The result of this awakening brought about an American counter-offensive that knocked off the Taliban regime in Afghanistan, ended Saddam Hussein's reign in Iraq, and generated a wave of pressure that threatens to create bridgeheads for democracy in the Arab Middle East.
Elsewhere, the conflict in Iraq may eventually turn out to be a turning point in the history of the Middle East. But the slow and painful pace of the counter-insurgency war has made it a natural focus of discontent, both domestically and internationally.
Most of all, with the passage of time, many Americans seem to have forgotten what all this fuss was about in the first place.
But as dozens of London travelers learned last week, the war Islamists are waging against us was not hatched in the fevered imagination of Karl Rove. So before we all slide back into a post-London torpor, it is worthwhile to recapitulate a few important points by asking ourselves a few questions:
Are the attacks on the West the result of support for Israel?

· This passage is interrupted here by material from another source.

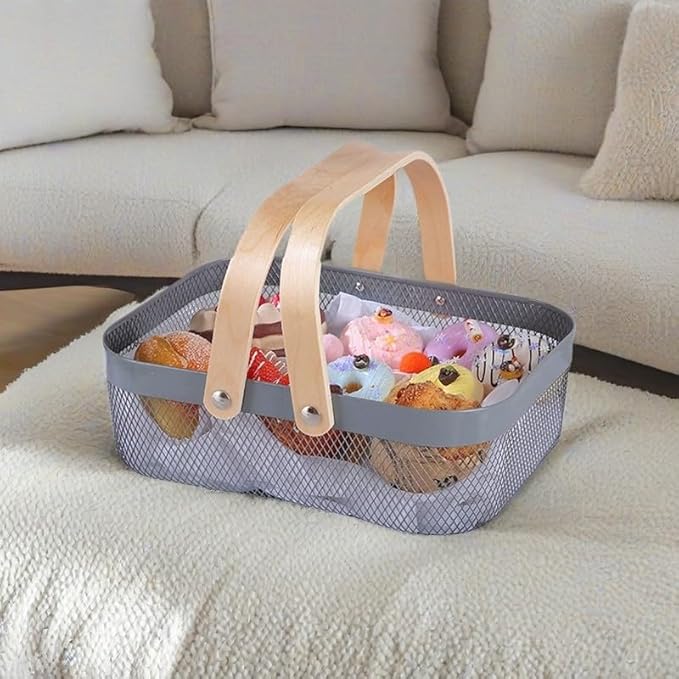 Metal Mesh Steel Basket, Storage Organizer Basket Garden Harvest Basket Multi-functional Kitchen Fruit Baskets Bin with Wooden Handle for Bathroom Picnic Shopping Decor Cabinet Home, Grey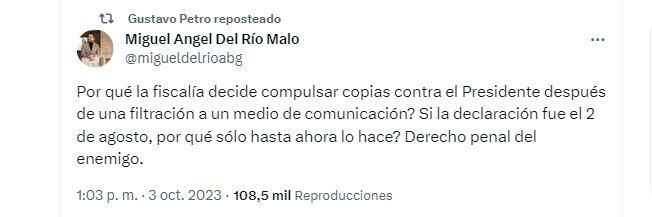 El abogado del Río Malo cuestionó la compulsa de copias que hizo la Fiscalía - @migueldelrioabg/X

The ideological basis for anti-Western jihad long predates the birth of the State of Israel, let alone the 1967 Six-Day War and the presence of Israelis in the West Bank and Gaza.
Islamists, as do most Muslims, deeply resent the ability of a despised minority like the Jews -- in Islamic terminology, a dhimmi people -- to establish a non-Islamic sovereign state in the Middle East. But what they really resent, and what their jihadist ideology is bent on reversing is the change in the balance of power between the Muslim world and the West, which dates back hundreds of years.
Concessions by Israel or the West will not end the jihadist dream. The transformation of the Arab and Islamic world into one where freedom -- rather than fundamentalism -- rules may seem like a fantasy. Without it, this war on Islamist terror will go on without end (Tobin, "Jewish World Review," July 14, 2005).